How A Failure Inspires You To Move Ahead In Life

My biggest failure in life was not standing up for myself, neither when my haters spoke their minds in front of me nor when my friends blamed me for nothing. I have been wronged many times and even after realizing this, I never really did anything. But don’t be saddened by this revelation. It isn’t a failure I have lived with. It is something I have changed, which made me live a happier life.

Sheer ‘popularity’ in school

When I was young, matters like being looked down upon got to me easily. I would go home, lock myself in my room, and cry. I was not the “weird kid” of the class, neither was I stupid as a child. Yet, people found ways to taunt me in school, making fun of the way I looked, spoke, or even the fact that I was a favorite of all my teachers. For years, I tried to change my behavior, my appearance, and habits. Nothing helped. I tried to find friends but seek help but nothing changed. The people at school kept taunting and bullying me.

Did anything change?

Years passed by. I grew up and started high school. I expected things to change as soon as I joined grade 11. But guess what happened? Everything was just the same. This began to have a huge effect on me. I used to see myself as a failure. I used to shy away at the sight of the people. This made me quieter and used to stay locked up in my room. My mental health was at its worst and I was not happy and satisfied doing the simplest of things. There have been times when I have been sleeping in my room locked up for hours.

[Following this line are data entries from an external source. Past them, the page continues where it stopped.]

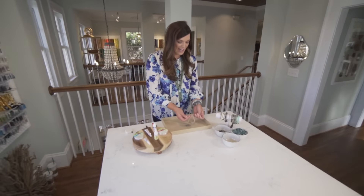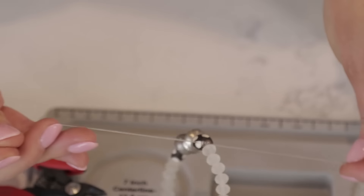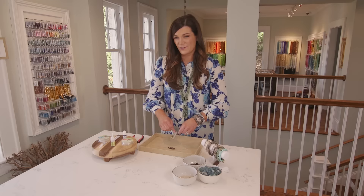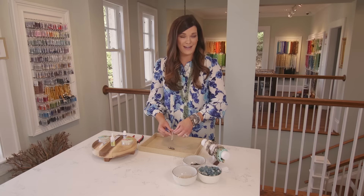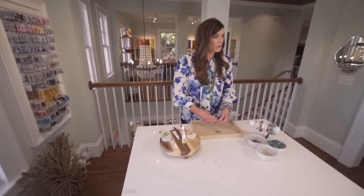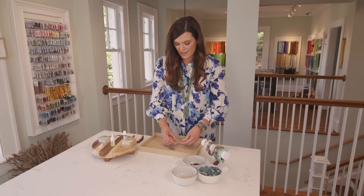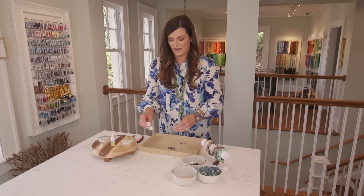I'm going to be making a pair of stacking bracelets and I wanted to make sure that they're going to be the same exact length. So I can go ahead and pull the scotch tape off the opposite end and I'm going to start by tying a single knot — you can pull it really tight and feel that tension in the elastic.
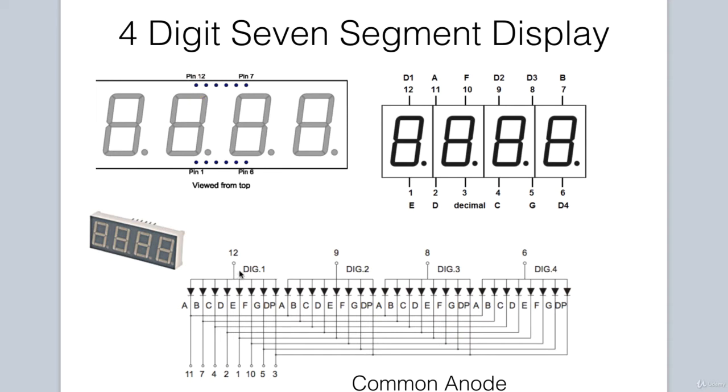Since we are dealing with a common anode display, to light a particular segment, the common pin must be made high. The corresponding segment pin must be made low for that particular segment to light. In that way, current can flow through the common anode, down through the LED, to ground, causing the segment to light up. To turn on digits 1, 2, 3, and 4, pins 12, 9, 8, and 6 must be high respectively.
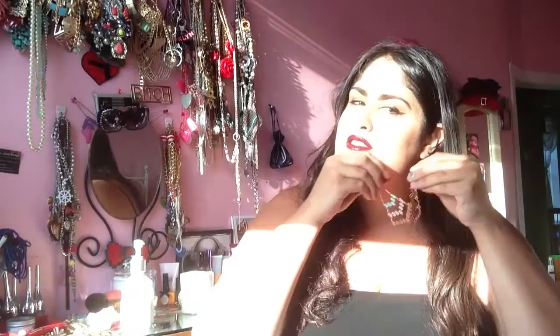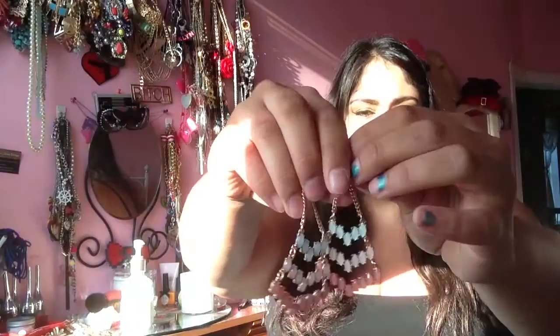Last but not least are the Sunset Beach earrings, and I really, really, really liked these. These were more summery for me, because you have your peach and your aqua, and they're not exactly too bling bling. They're just kind of that dulled color — dull in a good way. It's like a milky color. Very pretty. I love the style of it. They dangle a little bit. Even if you wear your hair down, you're definitely going to still see them because they're so big. But if you put your hair up, you're going to get a lot of wow out of these.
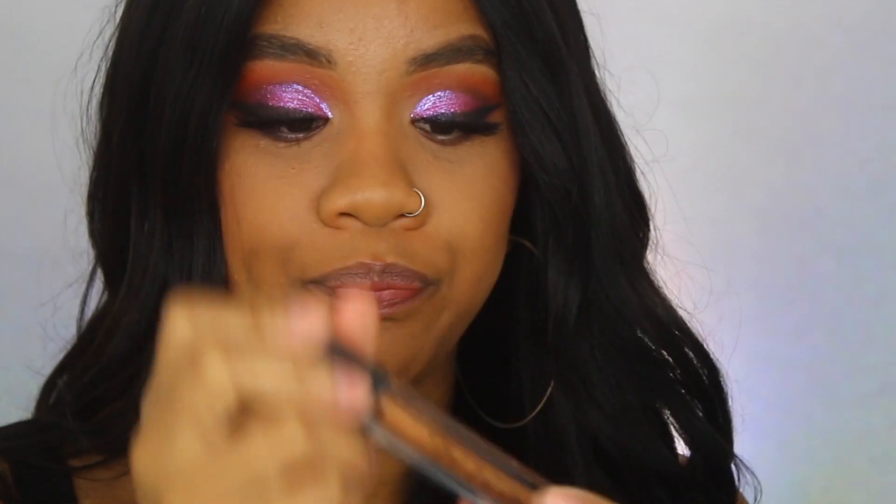So I'm going to start with my darkest shade, which is called Sauce — it's like a bronzy gold shade, super pretty.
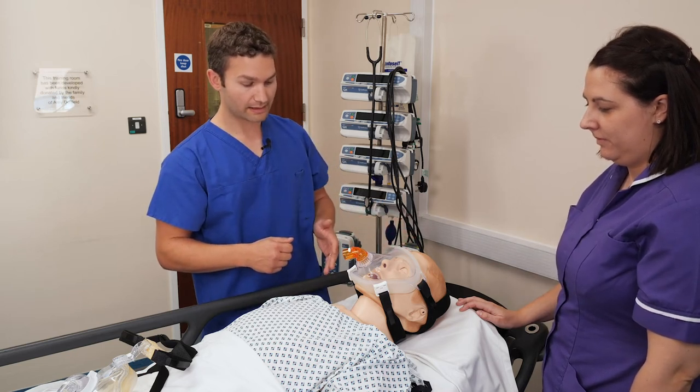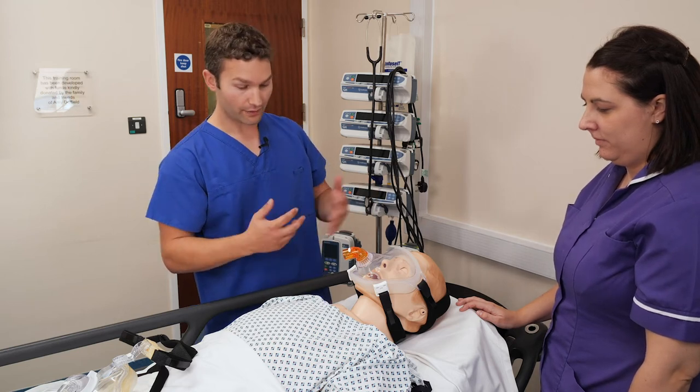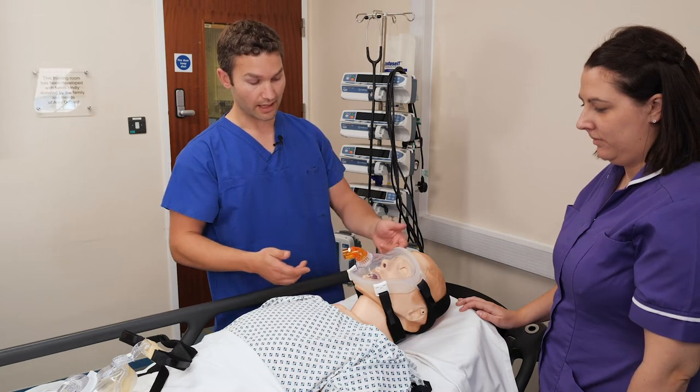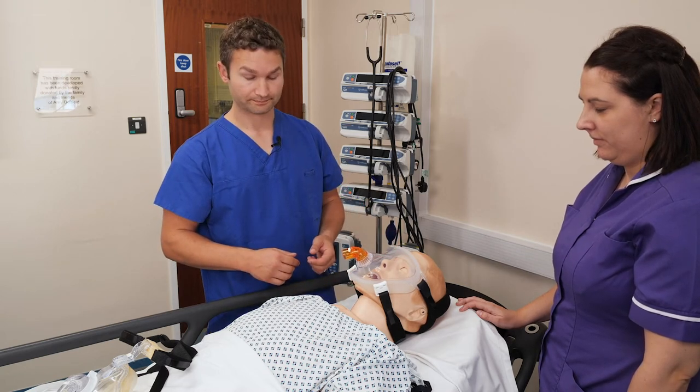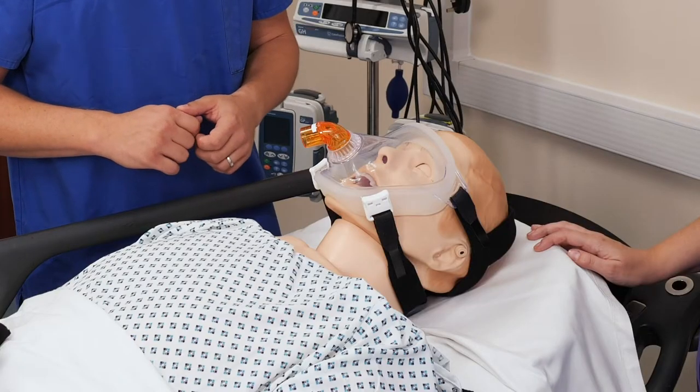When the mask has been applied, make sure you take it off at regular intervals to check the skin. Areas of issues for a full face mask may be the bottom of the chin and just above the eyebrows. And that's how you fit a full face non-invasive ventilation mask.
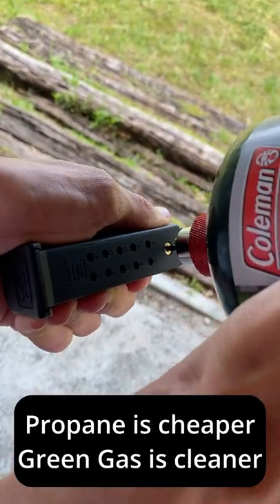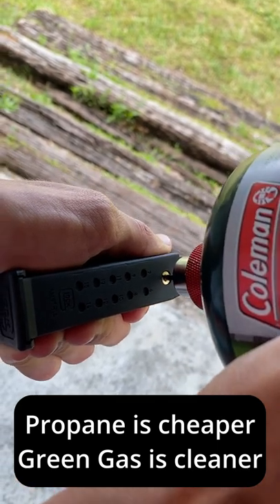Once you've done that, it's time to fill it up with gas. We're going to get our propane or green gas and fill it up for about five seconds.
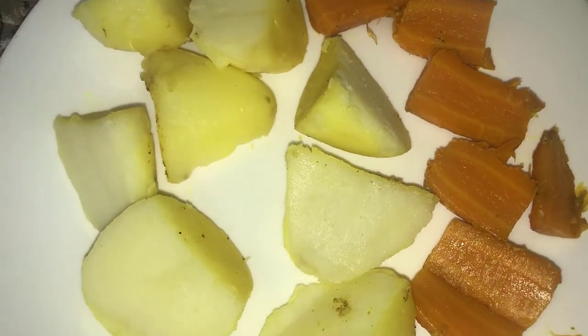Before boiling the potatoes and carrots, we have to add a pinch of salt, pepper, and turmeric powder.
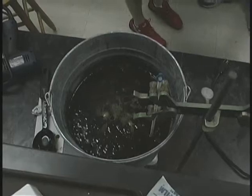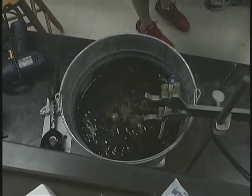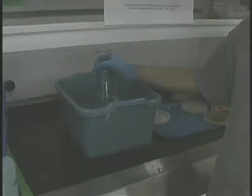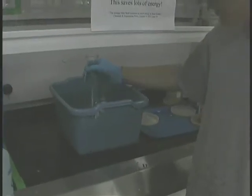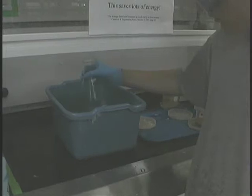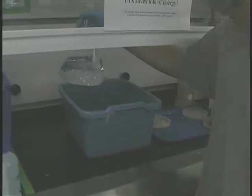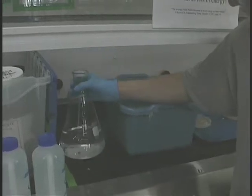Meanwhile, while the glycerin byproduct and oils are melting and dissolving, the students were able to prepare the sodium hydroxide solution, which is used for the saponification. We used sodium hydroxide that was available at a local hardware store, which was then dissolved in water.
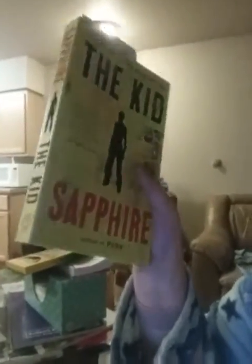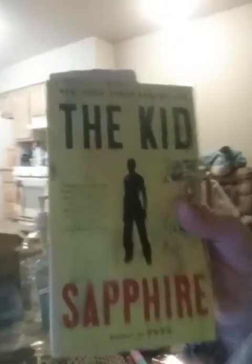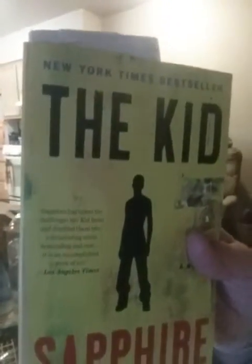This book is the sequel to the movie Precious. It's about her son telling the story — Precious died of AIDS two years after where the movie ends, and it's told through her son.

This so-called ‘failure’ took over the better of me. I always looked for chances to skip school and avoided people as much as possible. But finally, I decided that all of this had to stop. There was a teacher who taught us in school. He was extremely friendly among the students for his behavior. I thought about telling him everything and helping me out. After mustering a lot of courage, I could finally speak up and confide in him. But he, instead of making those guys apologize to me for their behavior, he handed me a DVD of The Pursuit of Happiness and asked me to watch it. I was actually taken aback and thought it to be my mistake that I thought of opening up to him. After a lot of remorse and repenting, I finally watched the movie on the DVD.

Did it transform my life?

No, it didn’t change my life. I changed my life. The movie taught me that one thing which was and always will be relevant- You need to take a stand for yourself, instead of accepting things and hoping life would change on its own. Until and unless you realize you are not worth anyone else’s snide remarks, the lion inside you will roar the lion you never knew rested in you. The next time those guys came to “have fun”; I made sure I gave them a piece of my mind (which, of course, I had rehearsed in my mind a thousand times before).

I realized a lot from this lesson. Life is way bigger than all of these. Incidents as such will seem petty once you have lived for a good forty years of your life and look back. If someone tells you that you cannot do something, don’t listen to that person. No one tells you what you cannot do. If you don’t fail at something, you will never realize your true potential. Because I had become used to the remarks, I didn’t take any step. But, once I decided that something was to be stopped, I changed everything. The power to change lies in you. Understanding when and what to react to makes a huge difference in your outlook and the way people perceive you. This is how maturity sets in as you grow up.